И обещали перевести конюшню в другое место. Уступили. Потому как вроде не контра Иван. Сын же буденновского ветеринара-самогонщика был человеком горячим и вспыльчивым. Такие за словом в карман не лезут. Вот и он не полез, высказал всем присутствующим, что он думает о советской власти в целом и о них – в частности.  Хорошо, у новых осановских хозяев оружия при себе не было, а то бы несдобровать Ивану. А так он, опомнившись, махнул сразу, не заходя домой, на станцию и оттуда – в Москву. 
Все в нашей жизни не просто так, останься тогда Иван в деревне, подлежал бы в Великую Отечественную призыву – родился-то он в 1900-м. И, скорее всего, попал бы в пехоту. В ее рядах, вполне вероятно, и сгинул бы. А так в столице Иван устроился на завод – бывший прохоровский, ставший потом авиационным. Когда началась война, Иван получил бронь. Хотя и труд его не являлся квалифицированным, но оказался уж очень тяжелым: чистил он какие-то огромные котлы и заканчивал свой рабочий день на пару часов раньше, нежели остальные рабочие, да и зарплату получал побольше чем они. Из-за вредности. И вот рабочие позавидовали Ивану, и давай роптать: мол, а с чего это он раньше нас сворачивается и денег в карман больше нашего кладет, ишь, котлы какие-то там чистит, невелика работа, мы тоже так могём.
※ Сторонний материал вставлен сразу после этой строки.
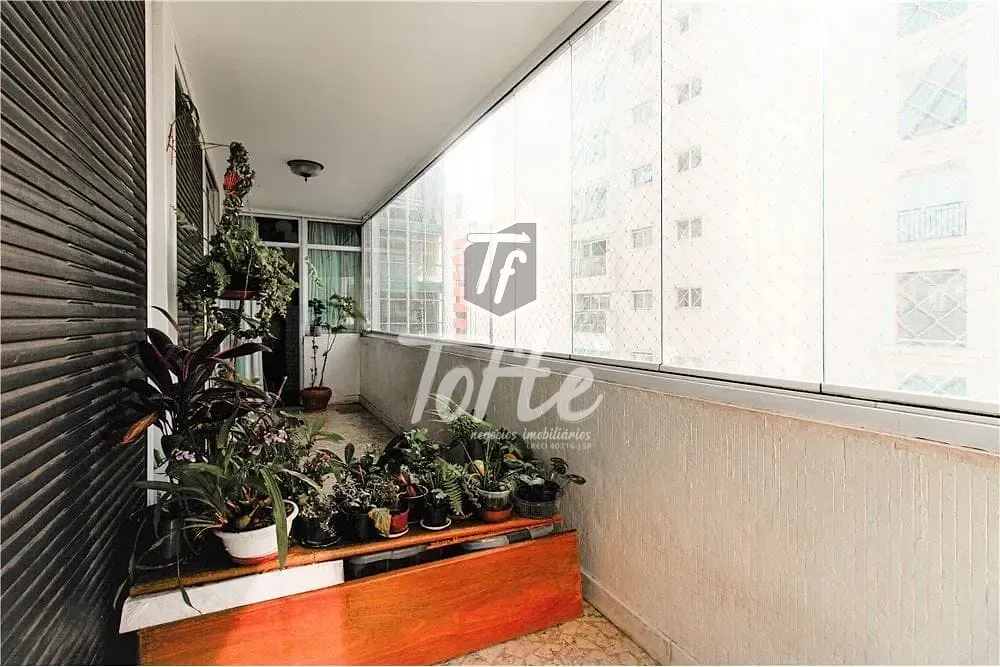 Apartamento, 3 quartos, 198 m² - Foto 2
Что ж, создала заводская администрация комиссию – разбираться. Пришла комиссия смотреть как Иван трудится, а он пожал плечами: ну смотрите, раз охота есть, и включил какой-то там свой станок, пыли поднявший чуть не до потолка, комиссия как зачихает-заверещит: давай, выключай скорее эту свою штуку. В общем, после сего случая претензий больше к Ивану не было. А на пенсию он, конечно, тоже раньше всех ушел и, уже пребывая на заслуженном отдыхе, на какой-то птицефабрике потрудился.
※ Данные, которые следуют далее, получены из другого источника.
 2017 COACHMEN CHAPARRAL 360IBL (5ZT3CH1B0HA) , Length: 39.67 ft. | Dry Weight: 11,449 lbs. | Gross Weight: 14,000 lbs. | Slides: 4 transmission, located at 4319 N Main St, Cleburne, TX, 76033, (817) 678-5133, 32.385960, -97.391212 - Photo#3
Когда Иван – тогда уже дед Иван – покинул наш земной мир, мне было семь лет. В последние свои годы он проводил лето в моем родном Никитино, живя у единственной дочери – тети Клавы. Она – это отложилось в моей памяти, – непременно наливала ему «стопочку», о чем и сообщала моей бабушке. А вообще я помню деда Ивана всего в двух эпизодах. Один из них связан с тем, что в саду бабушкиного дома я затеял строить шалаш. Припёр откуда-то доски, небольшие бревна, все это кое-как сложил и стоял-смотрел, довольный своей работой. В это время на терраске появился дед Иван – с палочкой, совсем старый и, кажется, взъерошенный. Оглядел он деянье моих рук и произнес громко и весьма  сердито:
– На кой ты все это сделал?
Помню, я был несколько испуган и весьма расстроен…
С трех лет я езжу в деревню, но в Осаново побывал только в этом, 2016-м, году. Впервые в жизни. С внуком деда Ивана – дядей Андреем. Он показал мне приблизительное место, где когда-то располагались дома – самого деда Ивана и его родителей. Стояла пасмурная и сырая погода, над деревней нависли низкие свинцовые тучи, дул ветер и была тишина, только где-то, вдалеке, нарушаемая едва слышимым дребезжащим шумом газонокосилки. Какие-то дома в Осаново еще остались, но в основном на месте некогда большой деревни видны лишь голые стены из красного кирпича, и небольшие, поросшие бурьяном, холмы, с едва различимыми  остатками фундамента. Грустная картина – немой свидетель когда-то бушевавшей здесь жизни.